## [Exercise details]
The required answer is an exact copy of every entry underneath.

## [Record excerpts]
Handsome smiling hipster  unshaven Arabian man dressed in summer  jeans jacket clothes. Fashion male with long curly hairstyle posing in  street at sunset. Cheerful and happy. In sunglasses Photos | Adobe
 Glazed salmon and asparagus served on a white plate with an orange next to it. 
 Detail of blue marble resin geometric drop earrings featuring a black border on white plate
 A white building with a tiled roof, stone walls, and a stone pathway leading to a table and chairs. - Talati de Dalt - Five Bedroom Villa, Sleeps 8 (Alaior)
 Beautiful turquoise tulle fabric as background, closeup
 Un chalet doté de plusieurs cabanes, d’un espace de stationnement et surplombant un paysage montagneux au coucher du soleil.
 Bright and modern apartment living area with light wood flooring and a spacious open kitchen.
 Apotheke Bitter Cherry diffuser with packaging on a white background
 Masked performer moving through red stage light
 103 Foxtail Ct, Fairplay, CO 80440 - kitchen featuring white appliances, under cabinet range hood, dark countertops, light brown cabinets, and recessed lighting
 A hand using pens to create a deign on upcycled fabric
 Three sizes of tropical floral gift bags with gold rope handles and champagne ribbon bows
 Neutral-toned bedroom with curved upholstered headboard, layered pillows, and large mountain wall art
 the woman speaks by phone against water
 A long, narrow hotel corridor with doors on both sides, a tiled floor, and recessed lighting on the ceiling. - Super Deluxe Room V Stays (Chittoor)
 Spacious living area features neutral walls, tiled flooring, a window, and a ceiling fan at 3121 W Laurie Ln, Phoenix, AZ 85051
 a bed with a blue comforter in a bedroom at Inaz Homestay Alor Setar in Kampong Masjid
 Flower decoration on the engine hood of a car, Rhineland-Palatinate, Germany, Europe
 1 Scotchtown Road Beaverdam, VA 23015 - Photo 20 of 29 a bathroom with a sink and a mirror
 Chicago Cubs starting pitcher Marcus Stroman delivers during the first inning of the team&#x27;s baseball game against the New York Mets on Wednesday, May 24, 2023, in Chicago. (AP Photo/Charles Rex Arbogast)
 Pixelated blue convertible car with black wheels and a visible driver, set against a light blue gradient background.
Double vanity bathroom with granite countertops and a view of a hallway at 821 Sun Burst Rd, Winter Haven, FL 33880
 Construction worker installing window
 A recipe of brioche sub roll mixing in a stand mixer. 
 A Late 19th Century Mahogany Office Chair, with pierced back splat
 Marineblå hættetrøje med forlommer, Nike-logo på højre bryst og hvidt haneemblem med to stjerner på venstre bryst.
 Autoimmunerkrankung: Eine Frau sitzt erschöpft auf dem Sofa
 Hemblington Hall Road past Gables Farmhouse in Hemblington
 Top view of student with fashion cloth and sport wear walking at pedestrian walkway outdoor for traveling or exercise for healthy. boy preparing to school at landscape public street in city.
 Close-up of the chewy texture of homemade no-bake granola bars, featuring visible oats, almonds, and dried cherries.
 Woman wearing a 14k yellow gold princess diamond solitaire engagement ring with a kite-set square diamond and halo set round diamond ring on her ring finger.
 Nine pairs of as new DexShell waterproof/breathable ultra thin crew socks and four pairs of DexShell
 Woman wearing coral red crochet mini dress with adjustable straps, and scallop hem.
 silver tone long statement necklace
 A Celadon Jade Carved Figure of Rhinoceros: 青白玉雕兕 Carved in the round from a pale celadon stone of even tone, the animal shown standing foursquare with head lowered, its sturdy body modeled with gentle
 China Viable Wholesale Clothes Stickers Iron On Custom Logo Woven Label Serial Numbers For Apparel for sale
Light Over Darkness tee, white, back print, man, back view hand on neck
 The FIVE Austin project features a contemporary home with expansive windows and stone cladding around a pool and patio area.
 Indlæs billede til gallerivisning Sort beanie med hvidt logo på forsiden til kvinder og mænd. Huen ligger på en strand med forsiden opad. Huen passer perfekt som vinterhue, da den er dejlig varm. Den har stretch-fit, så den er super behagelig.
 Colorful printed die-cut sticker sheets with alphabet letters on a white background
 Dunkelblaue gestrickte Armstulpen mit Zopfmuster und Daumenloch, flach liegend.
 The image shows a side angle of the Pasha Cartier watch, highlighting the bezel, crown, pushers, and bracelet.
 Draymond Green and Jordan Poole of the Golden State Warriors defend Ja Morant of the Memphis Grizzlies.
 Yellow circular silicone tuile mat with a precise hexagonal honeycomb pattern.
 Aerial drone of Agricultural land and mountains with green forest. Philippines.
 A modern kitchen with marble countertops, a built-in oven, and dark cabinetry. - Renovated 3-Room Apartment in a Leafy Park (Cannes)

## [Solution to this task]
Handsome smiling hipster  unshaven Arabian man dressed in summer  jeans jacket clothes. Fashion male with long curly hairstyle posing in  street at sunset. Cheerful and happy. In sunglasses Photos | Adobe
 Glazed salmon and asparagus served on a white plate with an orange next to it. 
 Detail of blue marble resin geometric drop earrings featuring a black border on white plate
 A white building with a tiled roof, stone walls, and a stone pathway leading to a table and chairs. - Talati de Dalt - Five Bedroom Villa, Sleeps 8 (Alaior)
 Beautiful turquoise tulle fabric as background, closeup
 Un chalet doté de plusieurs cabanes, d’un espace de stationnement et surplombant un paysage montagneux au coucher du soleil.
 Bright and modern apartment living area with light wood flooring and a spacious open kitchen.
 Apotheke Bitter Cherry diffuser with packaging on a white background
 Masked performer moving through red stage light
 103 Foxtail Ct, Fairplay, CO 80440 - kitchen featuring white appliances, under cabinet range hood, dark countertops, light brown cabinets, and recessed lighting
 A hand using pens to create a deign on upcycled fabric
 Three sizes of tropical floral gift bags with gold rope handles and champagne ribbon bows
 Neutral-toned bedroom with curved upholstered headboard, layered pillows, and large mountain wall art
 the woman speaks by phone against water
 A long, narrow hotel corridor with doors on both sides, a tiled floor, and recessed lighting on the ceiling. - Super Deluxe Room V Stays (Chittoor)
 Spacious living area features neutral walls, tiled flooring, a window, and a ceiling fan at 3121 W Laurie Ln, Phoenix, AZ 85051
 a bed with a blue comforter in a bedroom at Inaz Homestay Alor Setar in Kampong Masjid
 Flower decoration on the engine hood of a car, Rhineland-Palatinate, Germany, Europe
 1 Scotchtown Road Beaverdam, VA 23015 - Photo 20 of 29 a bathroom with a sink and a mirror
 Chicago Cubs starting pitcher Marcus Stroman delivers during the first inning of the team&#x27;s baseball game against the New York Mets on Wednesday, May 24, 2023, in Chicago. (AP Photo/Charles Rex Arbogast)
 Pixelated blue convertible car with black wheels and a visible driver, set against a light blue gradient background.
Double vanity bathroom with granite countertops and a view of a hallway at 821 Sun Burst Rd, Winter Haven, FL 33880
 Construction worker installing window
 A recipe of brioche sub roll mixing in a stand mixer. 
 A Late 19th Century Mahogany Office Chair, with pierced back splat
 Marineblå hættetrøje med forlommer, Nike-logo på højre bryst og hvidt haneemblem med to stjerner på venstre bryst.
 Autoimmunerkrankung: Eine Frau sitzt erschöpft auf dem Sofa
 Hemblington Hall Road past Gables Farmhouse in Hemblington
 Top view of student with fashion cloth and sport wear walking at pedestrian walkway outdoor for traveling or exercise for healthy. boy preparing to school at landscape public street in city.
 Close-up of the chewy texture of homemade no-bake granola bars, featuring visible oats, almonds, and dried cherries.
 Woman wearing a 14k yellow gold princess diamond solitaire engagement ring with a kite-set square diamond and halo set round diamond ring on her ring finger.
 Nine pairs of as new DexShell waterproof/breathable ultra thin crew socks and four pairs of DexShell
 Woman wearing coral red crochet mini dress with adjustable straps, and scallop hem.
 silver tone long statement necklace
 A Celadon Jade Carved Figure of Rhinoceros: 青白玉雕兕 Carved in the round from a pale celadon stone of even tone, the animal shown standing foursquare with head lowered, its sturdy body modeled with gentle
 China Viable Wholesale Clothes Stickers Iron On Custom Logo Woven Label Serial Numbers For Apparel for sale
Light Over Darkness tee, white, back print, man, back view hand on neck
 The FIVE Austin project features a contemporary home with expansive windows and stone cladding around a pool and patio area.
 Indlæs billede til gallerivisning Sort beanie med hvidt logo på forsiden til kvinder og mænd. Huen ligger på en strand med forsiden opad. Huen passer perfekt som vinterhue, da den er dejlig varm. Den har stretch-fit, så den er super behagelig.
 Colorful printed die-cut sticker sheets with alphabet letters on a white background
 Dunkelblaue gestrickte Armstulpen mit Zopfmuster und Daumenloch, flach liegend.
 The image shows a side angle of the Pasha Cartier watch, highlighting the bezel, crown, pushers, and bracelet.
 Draymond Green and Jordan Poole of the Golden State Warriors defend Ja Morant of the Memphis Grizzlies.
 Yellow circular silicone tuile mat with a precise hexagonal honeycomb pattern.
 Aerial drone of Agricultural land and mountains with green forest. Philippines.
 A modern kitchen with marble countertops, a built-in oven, and dark cabinetry. - Renovated 3-Room Apartment in a Leafy Park (Cannes)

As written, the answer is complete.